Source material Block Start

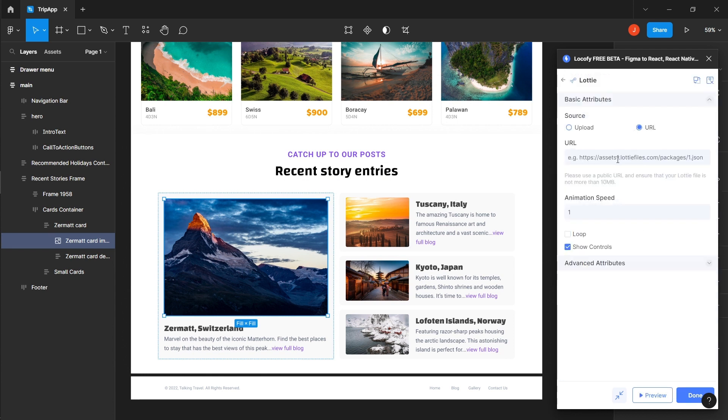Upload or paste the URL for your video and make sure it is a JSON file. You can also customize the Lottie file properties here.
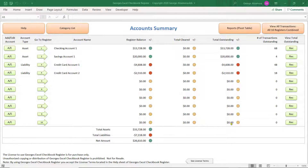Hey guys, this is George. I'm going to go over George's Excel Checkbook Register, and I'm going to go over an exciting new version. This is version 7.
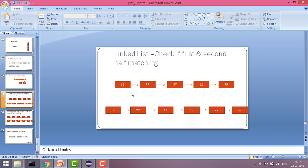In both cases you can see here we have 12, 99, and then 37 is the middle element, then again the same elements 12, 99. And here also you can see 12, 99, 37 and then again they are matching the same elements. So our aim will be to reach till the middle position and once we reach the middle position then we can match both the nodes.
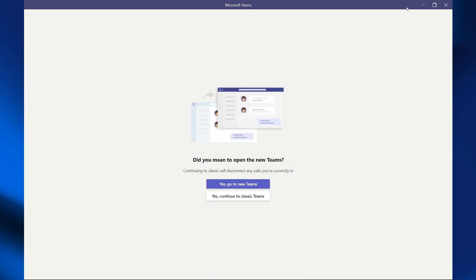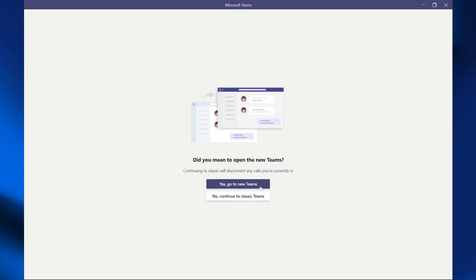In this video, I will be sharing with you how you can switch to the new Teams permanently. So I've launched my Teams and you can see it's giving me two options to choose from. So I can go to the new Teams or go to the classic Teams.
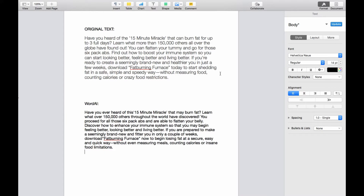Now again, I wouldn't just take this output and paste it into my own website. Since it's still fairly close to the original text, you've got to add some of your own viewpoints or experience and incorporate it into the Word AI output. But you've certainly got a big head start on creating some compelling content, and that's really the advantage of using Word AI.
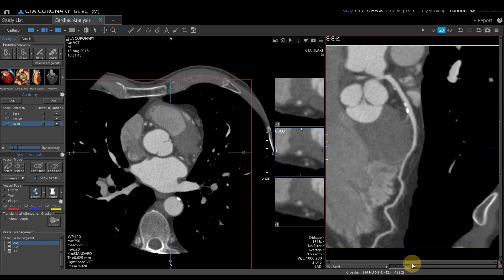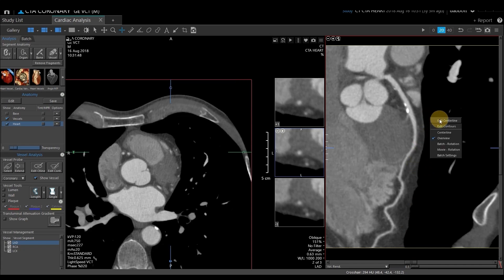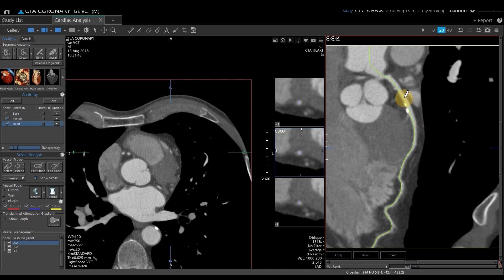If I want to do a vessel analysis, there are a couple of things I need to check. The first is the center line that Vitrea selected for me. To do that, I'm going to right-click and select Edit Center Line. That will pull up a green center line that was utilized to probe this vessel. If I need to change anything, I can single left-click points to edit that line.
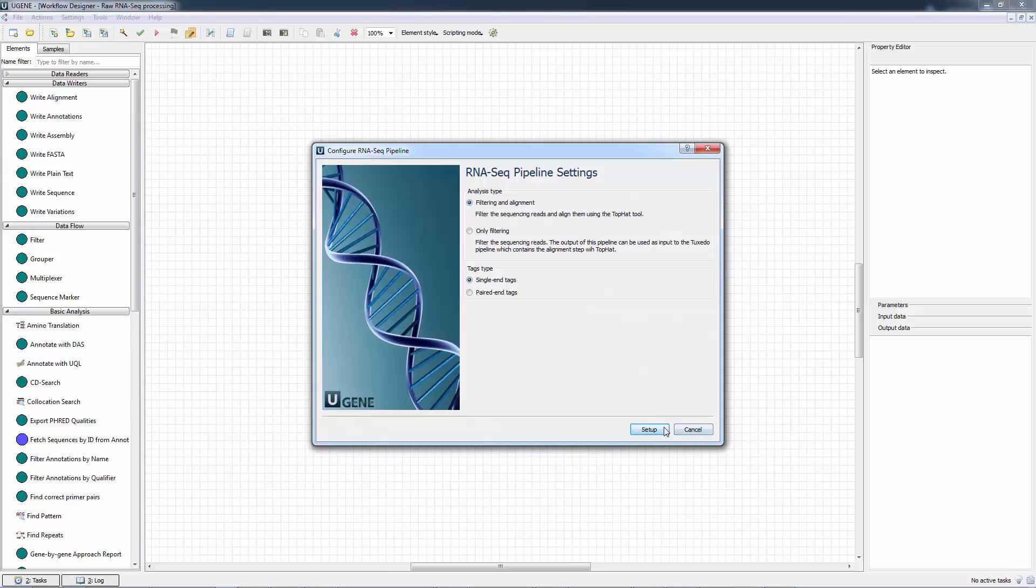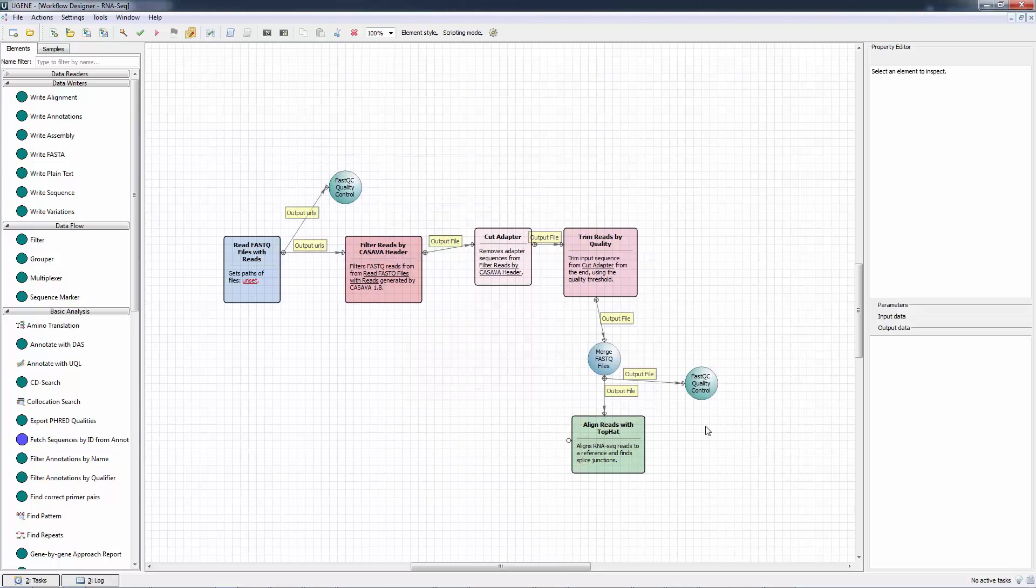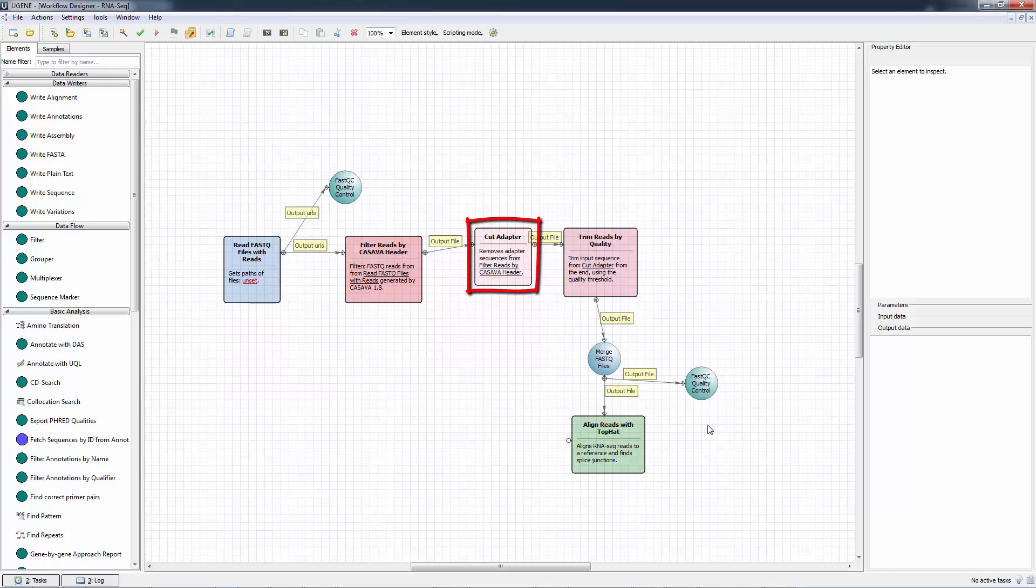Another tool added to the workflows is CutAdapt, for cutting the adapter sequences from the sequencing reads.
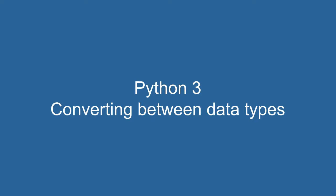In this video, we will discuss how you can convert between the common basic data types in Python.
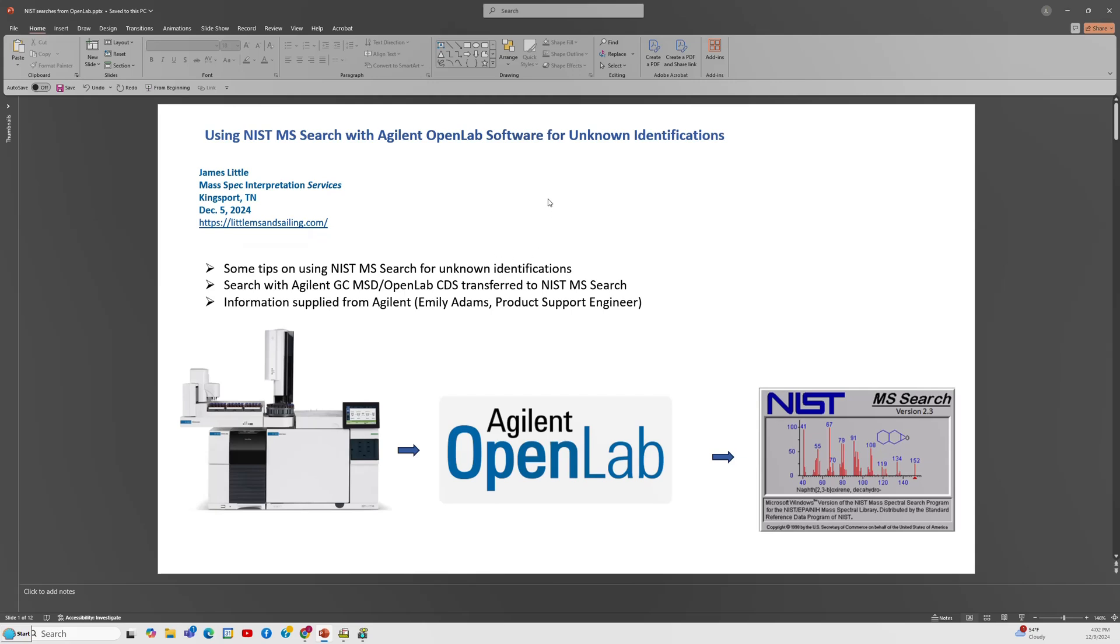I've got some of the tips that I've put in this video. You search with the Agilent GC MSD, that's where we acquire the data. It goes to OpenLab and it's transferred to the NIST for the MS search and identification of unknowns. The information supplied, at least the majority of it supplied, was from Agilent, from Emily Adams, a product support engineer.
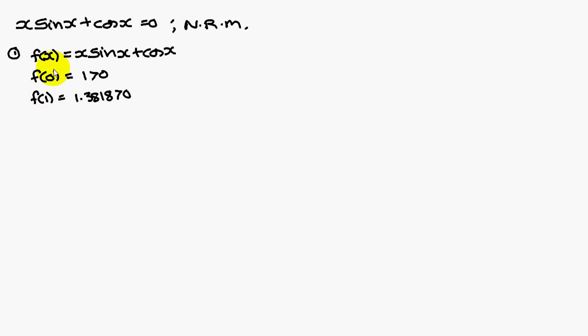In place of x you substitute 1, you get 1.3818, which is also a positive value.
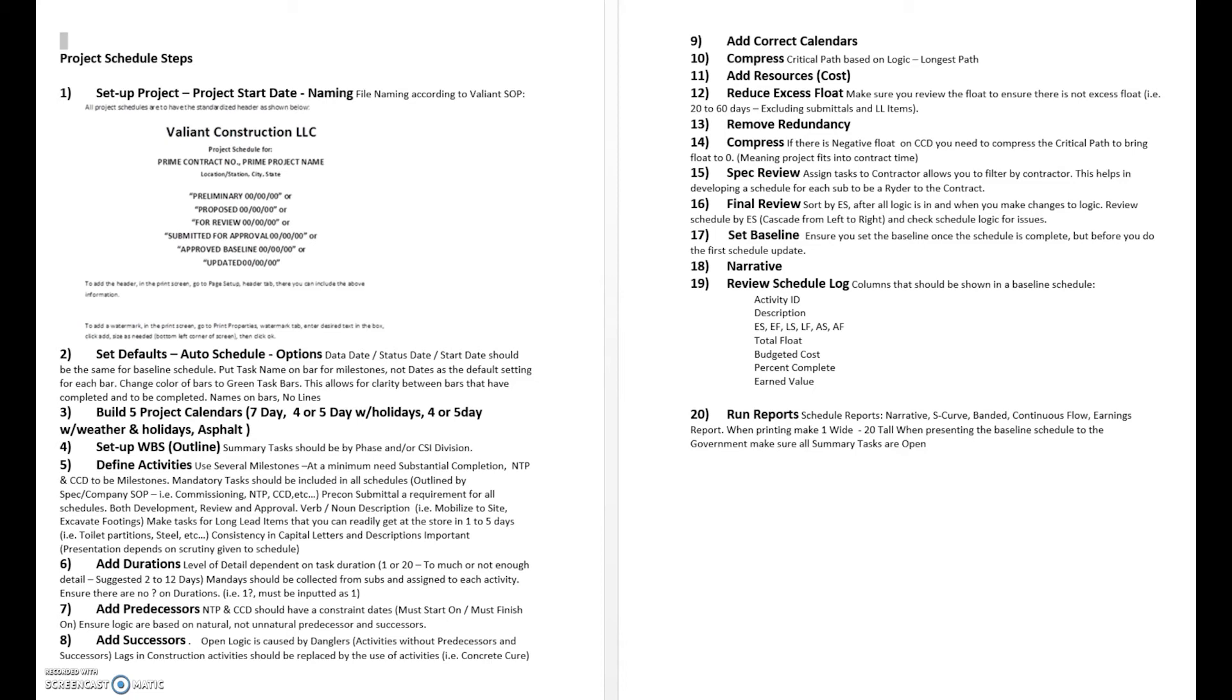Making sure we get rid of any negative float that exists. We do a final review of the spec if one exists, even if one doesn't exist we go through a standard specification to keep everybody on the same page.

Source material Block End

(What is needed): Please, without any pictures, write out exactly the lines of the listing from its first line through the line that holds "Hey guys, this", ends included, and nothing beyond them.

(Task response):
Upload or paste the URL for your video and make sure it is a JSON file. You can also customize the Lottie file properties here.
Hey guys, this is George. I'm going to go over George's Excel Checkbook Register, and I'm going to go over an exciting new version. This is version 7.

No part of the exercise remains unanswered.